An evaluation that confirmed users loved the rebuilt Telemetry Explorer, then looked past the applause to the harder, more valuable problem underneath: people were not confident they were querying the right data to answer their question.
Telemetry Explorer is the rebuilt tool engineers use to chart how their cloud systems are behaving. Before its public launch, the team wanted to know whether the new design beat the old one. It did: a strong majority of users preferred it, and they loved being able to compare several metrics on one chart. But reading the interviews and the survey side by side, I saw the same struggle in both, no matter the company or skill level. People were happy with the new layout but not confident they were building the right query to answer their actual question, especially once it got complex. I reframed the readout around that gap, turning a simple thumbs-up into the brief for the next phase: lean on the interface itself to guide people toward the right query.
The study was framed as a simple go or no-go: did the rebuilt explorer beat the old one? It did, and stopping there would have produced a clean, satisfying, and slightly hollow readout.

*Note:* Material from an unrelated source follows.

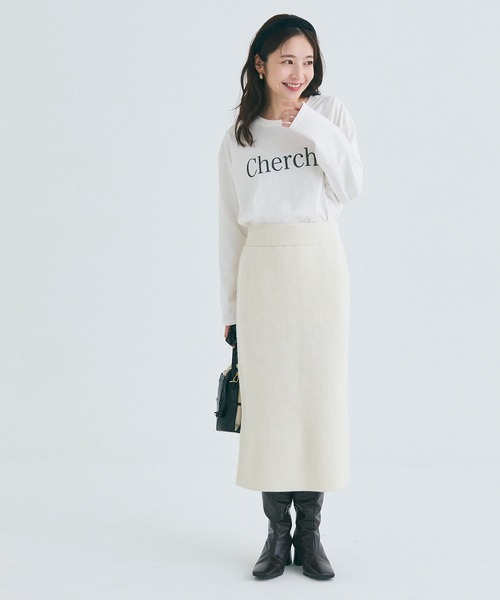 coca 「coca(coca)」 セットアップ M アイボリー レディース - 画像 (4)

The redesign itself was a real improvement. It moved the chart from a cramped side panel to the center of the screen, brought controls that used to be buried in menus into plain sight, and let people stack and compare several metrics on one chart.
Reading the interviews and the survey together, one thing repeated regardless of company or skill level: people liked the new layout but were not confident they were querying their data the right way. The satisfaction scores were really measuring the layout. The thing that would make or break the product sat one layer down, in building the query itself.
One survey item was written as a deliberately extreme statement, that the tool was already perfect and could not be improved, to confirm people were reading carefully rather than agreeing by default. They disagreed, which both validated the responses and showed they saw room to grow.
That reframe pointed the next phase at the query itself: guide people toward the right one with examples, in-product help, and eventually plain-language querying, so getting it right stops depending on trial and error.
The study was set up to answer one question: do users like the rebuilt explorer? They did, clearly, and the easy version of this readout was a single slide that said success, ship it. That would have been true and nearly useless. What stopped me was reading the interviews and the survey side by side rather than separately. The same struggle surfaced in both, at every skill level: people were not confident they were building the right query to answer their question, especially once it involved several steps or several metrics. The satisfaction scores were measuring the layout. The real risk to the product sat one layer underneath, in the querying itself.
“The hardest task is understanding the different metrics and analyzing the data to spot patterns and trends.”